Handmade Network»Colin

Recent Activity

&spall I ran the same test I did last year for HMS again, to see if Perfetto had caught up, and/or if I'd gotten notably slower.

Nope. Spall is even faster now than it was then, even with all the extra features. (8s -> 6s) That's a good place to be.

Line info is shipped, and I'm puttering away on some UI overhaul stuff to get sampling ready to go. I'm hoping to have basic sampling on one of my target platforms (probably OSX) usable by HMS.

&spall Got line info for PDB auto-tracing working!
I need a round of cleanup, and then I should be able to ship line info for linux and osx (my DWARF stuff is running well), and windows auto-tracing.

It's a big step towards getting good info out of sampling, too.

I got line info working for a fair number of my auto-traced functions in Spall today!
It's not going to be wonky/misaligned forever, I'm just testing / verifying that I'm doing my DWARF parsing correctly right now.

&spall Little update to Spall today, got double-click to zoom working after a little debugging with @negate32!

It's a nice little feature that I've been meaning to do for ages, makes it much easier to see children under a parent function

&paperplate After a ton of digging, I couldn't find a CI system I liked.
Working on a better one that I can integrate with Gitea.

Finally got my rough sketch into the browser, now to flesh out the go-server API so I can build pipelines and save properly, and get the runners fetching tasks/reporting back.

&spall It was a rough few days (and I'm sure I'll see a looming bug-report or two in the next few days), but I've finally got some of my big paid-version changes from Spall-native, backported to the web version!

Spall-web, now with histograms, a smaller LOD tree, a better selection interface, and a redesigned timescale.

&spall My new batch of memory came in today, so now I can do serious load-testing.
I still have plenty more footprint to crunch down, but I'm now able to load 2.3 billion functions from Python, and dig through them at reasonable framerates

&spall It's a little silly, but I've been poking at load-times and memory usage again, and I figured it'd be interesting to see how that reflected on my older traces.

This is the JSON trace that took about ~8s to load at HMS on the web, now loading in ~3.2, from boot to usable on the native version.

(The binary version of this trace takes ~350ms)

&spall So, I decided to go spelunking in gdb today. Learned many things.
Auto-tracing gdb is a pain in the ass, because gdb's thread pool starts before main. Very C++, such wow.
(this trace video doesn't have the ~10+ other threads GDB spun up before main started, more research needed to inject spall earlier)

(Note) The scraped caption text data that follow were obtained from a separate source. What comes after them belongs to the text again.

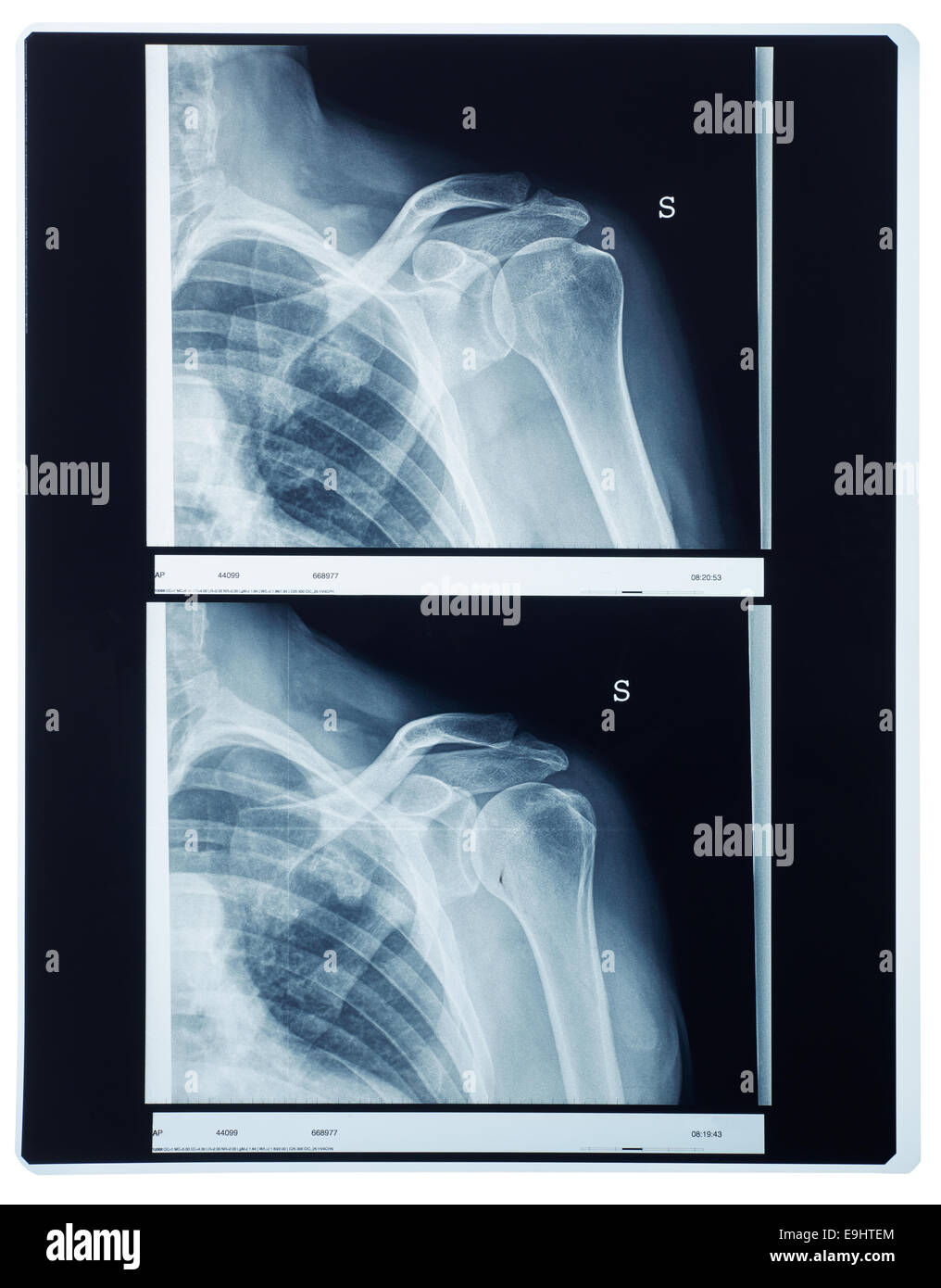 Röntgenbild Schulter Röntgen Stockfoto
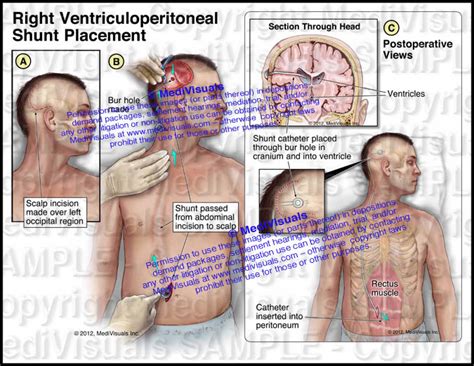 Right Ventriculoperitoneal Shunt Placement Medivisuals Inc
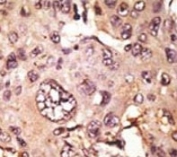 IHC analysis of FFPE human hepatocarcinoma tissue stained with the TAU antibody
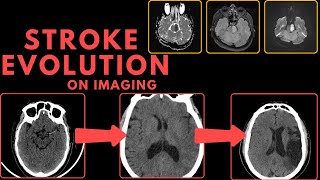 Stroke Evolution on CT and MRI Imaging [upl. by Badr419]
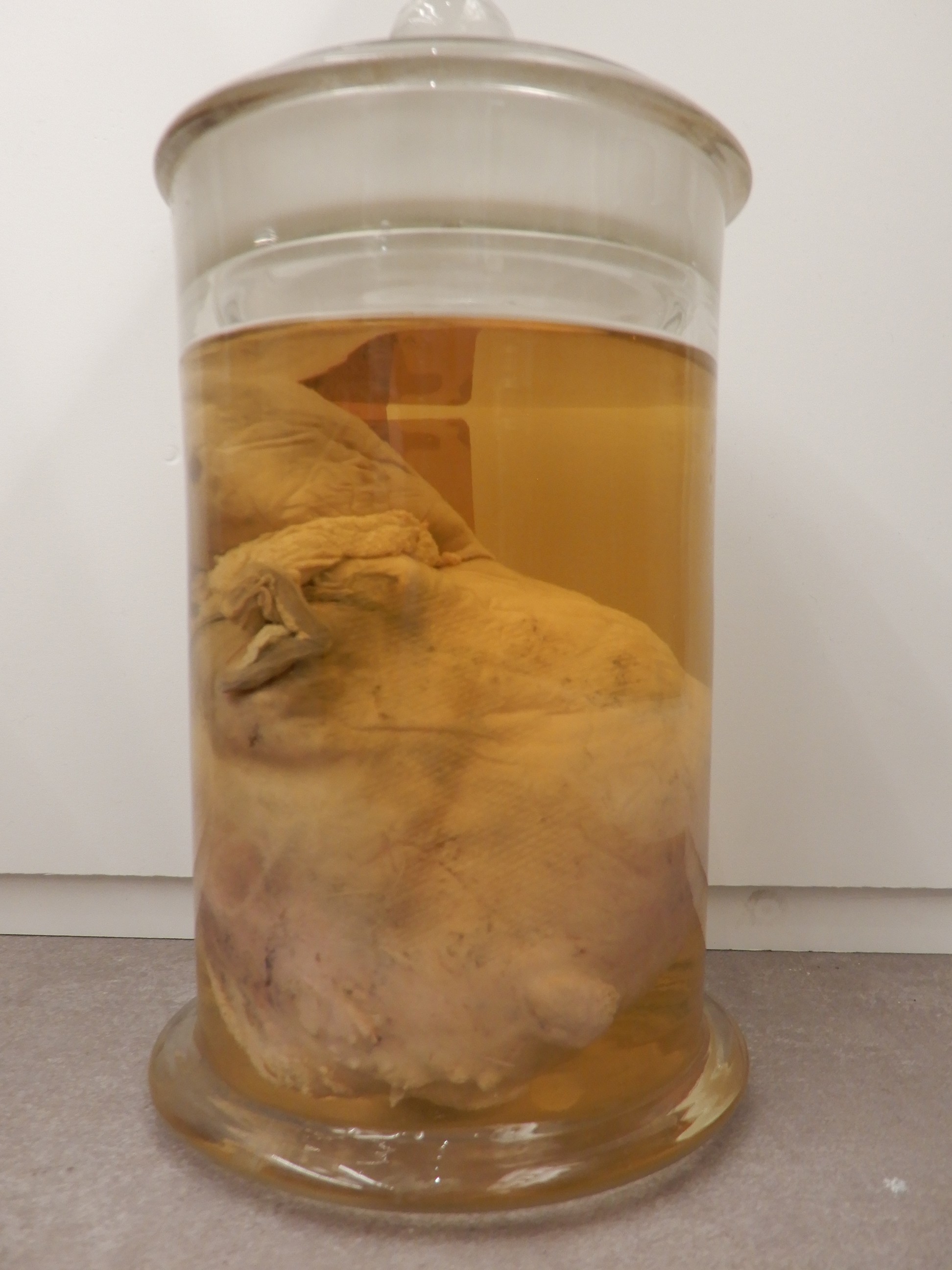 singolo reperto antropologico, preparato anatomico (morfologia alterata per patologia) (XIX-XX)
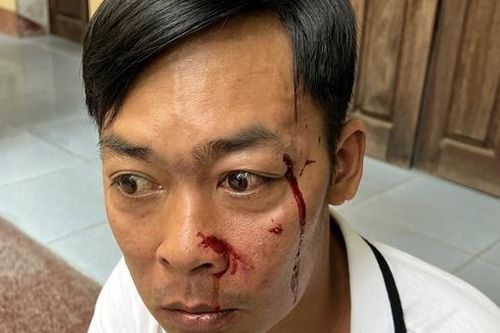 Điều tra vụ việc người đàn ông bị hành hung khi vừa rời trụ sở Tòa án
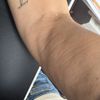 Dellen nach Liposuktion mit Laserstraffung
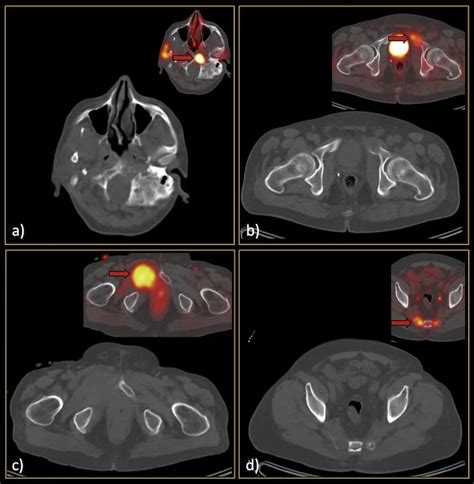 Can Low-Dose CT Have an Impact in Diagnosing Bone Metastasis in Patients with Prostate Cancer?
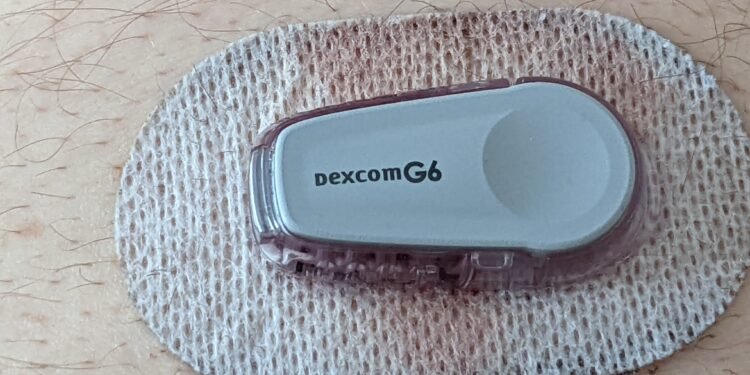 Continuous glucose monitor that shares diabetes data digitally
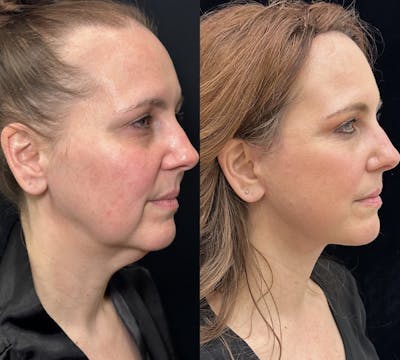 Deep Plane Facelift Before & After Gallery - Patient 720660 - Image 2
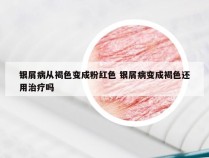 银屑病从褐色变成粉红色 银屑病变成褐色还用治疗吗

When GDB does symbol resolution, it runs resolvers for a pile of languages, one after another, for each symbol.

Launching Spall-native in beta today!

If you're not familiar with Spall, it's a profiler with a zippy frontend.
There's a free/open-source web-version to play with over at https://gravitymoth.com/spall/spall-web.html

The web version has C/C++ support, integration with Odin via core:prof/spall, and chrome://tracing JSON file compatibility.

The native version has all that, and it can handle much bigger files, loads faster, has function latency histograms, runs on Windows, OSX, and Linux, can launch from the command line, and supports a new auto-tracing format which is faster/more compact, for doing LARGE traces, like the one I took of Python a week or two ago.

&spall it's silly, but I hit a new record tonight that excited me. I've used literally all of my memory and gone swapping (~32 GB), but I've got 500M functions from a complete auto-trace of python running build-tests, rendering at 60-80 fps. (actively crunching stats dips the framerate a little)

I need to do more work to chop memory usage down, but it's getting there.

&spall Needs more visual polish and a few UX issues ironed out, but I'm making headway on a process/thread filter for stat-crunching.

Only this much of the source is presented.